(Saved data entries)

___

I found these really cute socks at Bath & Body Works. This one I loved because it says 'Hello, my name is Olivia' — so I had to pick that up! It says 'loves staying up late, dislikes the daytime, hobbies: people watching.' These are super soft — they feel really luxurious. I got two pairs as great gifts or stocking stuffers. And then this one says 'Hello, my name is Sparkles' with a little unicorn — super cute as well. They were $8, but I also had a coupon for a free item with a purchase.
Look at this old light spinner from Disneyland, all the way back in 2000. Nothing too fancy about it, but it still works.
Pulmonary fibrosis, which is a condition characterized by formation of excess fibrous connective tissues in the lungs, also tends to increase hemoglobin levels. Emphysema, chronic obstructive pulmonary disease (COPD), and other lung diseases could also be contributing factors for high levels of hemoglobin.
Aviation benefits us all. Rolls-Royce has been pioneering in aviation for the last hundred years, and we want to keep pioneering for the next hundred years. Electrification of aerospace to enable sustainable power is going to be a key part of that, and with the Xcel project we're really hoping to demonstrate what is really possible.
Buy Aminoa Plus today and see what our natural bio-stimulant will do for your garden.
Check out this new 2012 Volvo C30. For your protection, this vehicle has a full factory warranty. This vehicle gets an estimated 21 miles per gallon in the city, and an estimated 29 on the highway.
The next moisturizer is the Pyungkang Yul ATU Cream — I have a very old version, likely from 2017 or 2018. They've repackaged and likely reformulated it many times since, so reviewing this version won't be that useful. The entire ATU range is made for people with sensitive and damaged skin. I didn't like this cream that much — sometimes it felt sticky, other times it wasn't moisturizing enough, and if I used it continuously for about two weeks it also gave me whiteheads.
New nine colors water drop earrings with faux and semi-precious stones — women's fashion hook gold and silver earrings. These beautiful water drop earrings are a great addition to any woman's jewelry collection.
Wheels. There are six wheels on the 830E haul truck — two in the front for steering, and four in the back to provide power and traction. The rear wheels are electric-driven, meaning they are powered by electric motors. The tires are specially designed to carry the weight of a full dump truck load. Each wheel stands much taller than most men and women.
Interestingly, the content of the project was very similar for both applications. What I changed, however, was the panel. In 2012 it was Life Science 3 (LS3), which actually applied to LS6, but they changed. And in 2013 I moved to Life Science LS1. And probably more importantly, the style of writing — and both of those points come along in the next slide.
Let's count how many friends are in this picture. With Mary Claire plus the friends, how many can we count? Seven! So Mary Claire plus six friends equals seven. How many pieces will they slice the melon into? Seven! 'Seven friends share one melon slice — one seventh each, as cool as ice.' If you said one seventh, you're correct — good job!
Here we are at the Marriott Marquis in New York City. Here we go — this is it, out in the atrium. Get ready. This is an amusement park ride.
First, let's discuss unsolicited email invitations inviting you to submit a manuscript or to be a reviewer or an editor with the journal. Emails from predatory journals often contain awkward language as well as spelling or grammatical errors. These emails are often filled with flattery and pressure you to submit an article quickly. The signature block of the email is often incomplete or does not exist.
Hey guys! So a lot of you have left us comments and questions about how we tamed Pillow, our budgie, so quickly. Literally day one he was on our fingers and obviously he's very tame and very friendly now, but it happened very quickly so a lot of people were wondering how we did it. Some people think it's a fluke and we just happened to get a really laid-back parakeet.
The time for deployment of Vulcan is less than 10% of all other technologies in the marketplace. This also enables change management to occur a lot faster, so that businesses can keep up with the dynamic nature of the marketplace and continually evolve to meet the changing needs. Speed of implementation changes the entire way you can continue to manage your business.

___

= WORK TASK =
Nothing in the data above may be skipped; repeat it all exactly.

= ANSWER =
I found these really cute socks at Bath & Body Works. This one I loved because it says 'Hello, my name is Olivia' — so I had to pick that up! It says 'loves staying up late, dislikes the daytime, hobbies: people watching.' These are super soft — they feel really luxurious. I got two pairs as great gifts or stocking stuffers. And then this one says 'Hello, my name is Sparkles' with a little unicorn — super cute as well. They were $8, but I also had a coupon for a free item with a purchase.
Look at this old light spinner from Disneyland, all the way back in 2000. Nothing too fancy about it, but it still works.
Pulmonary fibrosis, which is a condition characterized by formation of excess fibrous connective tissues in the lungs, also tends to increase hemoglobin levels. Emphysema, chronic obstructive pulmonary disease (COPD), and other lung diseases could also be contributing factors for high levels of hemoglobin.
Aviation benefits us all. Rolls-Royce has been pioneering in aviation for the last hundred years, and we want to keep pioneering for the next hundred years. Electrification of aerospace to enable sustainable power is going to be a key part of that, and with the Xcel project we're really hoping to demonstrate what is really possible.
Buy Aminoa Plus today and see what our natural bio-stimulant will do for your garden.
Check out this new 2012 Volvo C30. For your protection, this vehicle has a full factory warranty. This vehicle gets an estimated 21 miles per gallon in the city, and an estimated 29 on the highway.
The next moisturizer is the Pyungkang Yul ATU Cream — I have a very old version, likely from 2017 or 2018. They've repackaged and likely reformulated it many times since, so reviewing this version won't be that useful. The entire ATU range is made for people with sensitive and damaged skin. I didn't like this cream that much — sometimes it felt sticky, other times it wasn't moisturizing enough, and if I used it continuously for about two weeks it also gave me whiteheads.
New nine colors water drop earrings with faux and semi-precious stones — women's fashion hook gold and silver earrings. These beautiful water drop earrings are a great addition to any woman's jewelry collection.
Wheels. There are six wheels on the 830E haul truck — two in the front for steering, and four in the back to provide power and traction. The rear wheels are electric-driven, meaning they are powered by electric motors. The tires are specially designed to carry the weight of a full dump truck load. Each wheel stands much taller than most men and women.
Interestingly, the content of the project was very similar for both applications. What I changed, however, was the panel. In 2012 it was Life Science 3 (LS3), which actually applied to LS6, but they changed. And in 2013 I moved to Life Science LS1. And probably more importantly, the style of writing — and both of those points come along in the next slide.
Let's count how many friends are in this picture. With Mary Claire plus the friends, how many can we count? Seven! So Mary Claire plus six friends equals seven. How many pieces will they slice the melon into? Seven! 'Seven friends share one melon slice — one seventh each, as cool as ice.' If you said one seventh, you're correct — good job!
Here we are at the Marriott Marquis in New York City. Here we go — this is it, out in the atrium. Get ready. This is an amusement park ride.
First, let's discuss unsolicited email invitations inviting you to submit a manuscript or to be a reviewer or an editor with the journal. Emails from predatory journals often contain awkward language as well as spelling or grammatical errors. These emails are often filled with flattery and pressure you to submit an article quickly. The signature block of the email is often incomplete or does not exist.
Hey guys! So a lot of you have left us comments and questions about how we tamed Pillow, our budgie, so quickly. Literally day one he was on our fingers and obviously he's very tame and very friendly now, but it happened very quickly so a lot of people were wondering how we did it. Some people think it's a fluke and we just happened to get a really laid-back parakeet.
The time for deployment of Vulcan is less than 10% of all other technologies in the marketplace. This also enables change management to occur a lot faster, so that businesses can keep up with the dynamic nature of the marketplace and continually evolve to meet the changing needs. Speed of implementation changes the entire way you can continue to manage your business.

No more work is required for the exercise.